Effective with contract renewals, but no later than May 1, CTSA lines intend to raise freight rates by the following amounts:
* West Coast Canada, $190 per 20-foot container, $240 for all other sizes.
* Inland point intermodal/mini landbridge, $280 per 20-foot container, $350 for all other sizes.
* All-water East Coast Canada, $345 per 20-foot container, $430 for all other sizes.
“The adjustments reflect an analysis of current and forecast cost trends in the Asia/Canada market,” CTSA members said.
CTSA members fear that cost impacts could significantly worsen during 2005, due to the system-wide impacts of Canadian rail and U.S. port congestion.

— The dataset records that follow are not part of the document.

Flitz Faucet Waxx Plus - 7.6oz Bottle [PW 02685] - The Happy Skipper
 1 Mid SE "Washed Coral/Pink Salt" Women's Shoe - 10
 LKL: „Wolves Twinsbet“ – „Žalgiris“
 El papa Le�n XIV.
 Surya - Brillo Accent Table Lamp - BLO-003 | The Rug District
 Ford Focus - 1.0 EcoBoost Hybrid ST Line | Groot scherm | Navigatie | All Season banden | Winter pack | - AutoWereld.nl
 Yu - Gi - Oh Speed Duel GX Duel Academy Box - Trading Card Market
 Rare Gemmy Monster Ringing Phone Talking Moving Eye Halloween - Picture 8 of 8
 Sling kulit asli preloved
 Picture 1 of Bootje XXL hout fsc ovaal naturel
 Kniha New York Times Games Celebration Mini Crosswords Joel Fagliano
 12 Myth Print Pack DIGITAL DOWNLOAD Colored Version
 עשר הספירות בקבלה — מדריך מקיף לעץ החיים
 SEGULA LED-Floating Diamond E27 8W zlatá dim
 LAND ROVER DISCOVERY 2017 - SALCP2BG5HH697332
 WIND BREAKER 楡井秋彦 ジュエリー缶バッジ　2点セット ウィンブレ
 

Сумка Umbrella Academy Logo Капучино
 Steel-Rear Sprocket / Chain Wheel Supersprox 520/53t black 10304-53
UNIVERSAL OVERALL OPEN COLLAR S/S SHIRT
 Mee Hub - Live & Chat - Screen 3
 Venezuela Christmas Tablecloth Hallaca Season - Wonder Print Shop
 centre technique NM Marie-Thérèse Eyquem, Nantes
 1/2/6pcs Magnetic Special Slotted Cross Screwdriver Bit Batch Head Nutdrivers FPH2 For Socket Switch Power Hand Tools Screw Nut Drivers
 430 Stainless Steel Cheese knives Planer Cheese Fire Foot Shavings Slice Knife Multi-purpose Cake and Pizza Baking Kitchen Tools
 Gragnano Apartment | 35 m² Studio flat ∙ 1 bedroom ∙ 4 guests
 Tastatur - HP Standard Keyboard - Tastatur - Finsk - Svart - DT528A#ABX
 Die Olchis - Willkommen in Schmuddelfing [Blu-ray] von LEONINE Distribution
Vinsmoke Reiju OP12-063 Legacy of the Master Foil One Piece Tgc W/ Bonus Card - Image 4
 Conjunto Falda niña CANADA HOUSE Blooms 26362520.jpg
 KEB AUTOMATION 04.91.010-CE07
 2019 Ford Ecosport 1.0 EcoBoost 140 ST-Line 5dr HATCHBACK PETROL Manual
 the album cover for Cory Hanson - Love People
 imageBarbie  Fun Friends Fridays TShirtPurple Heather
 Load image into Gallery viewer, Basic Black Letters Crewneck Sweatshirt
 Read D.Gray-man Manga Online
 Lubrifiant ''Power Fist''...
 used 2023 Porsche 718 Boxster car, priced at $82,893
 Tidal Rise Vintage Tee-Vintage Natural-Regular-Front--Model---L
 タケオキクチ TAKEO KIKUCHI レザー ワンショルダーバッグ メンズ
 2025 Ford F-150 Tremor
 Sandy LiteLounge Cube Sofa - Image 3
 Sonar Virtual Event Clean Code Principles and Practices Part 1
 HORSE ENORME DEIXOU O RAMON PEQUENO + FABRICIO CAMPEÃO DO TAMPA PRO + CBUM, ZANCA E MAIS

“Bunched sailings and delays in Southern California ' limit port calls and time in port elsewhere, as carriers struggle to meet tight supply chain schedules. This makes added Northwest rotations impossible. Finally, rail congestion limits overall intermodal network capacity in Canada,” CTSA members said in a statement.
CTSA lines said they will monitor these and other market and operational issues, and may make further cost recovery adjustments in 2005 as they deem necessary.
CTSA members are APL, COSCO Container Lines, Evergreen, Hanjin Shipping, Hapag-Lloyd, Hyundai Merchant Marine, “K” Line, Lykes Lines, MOL, NYK Line, OOCL and P&O Nedlloyd.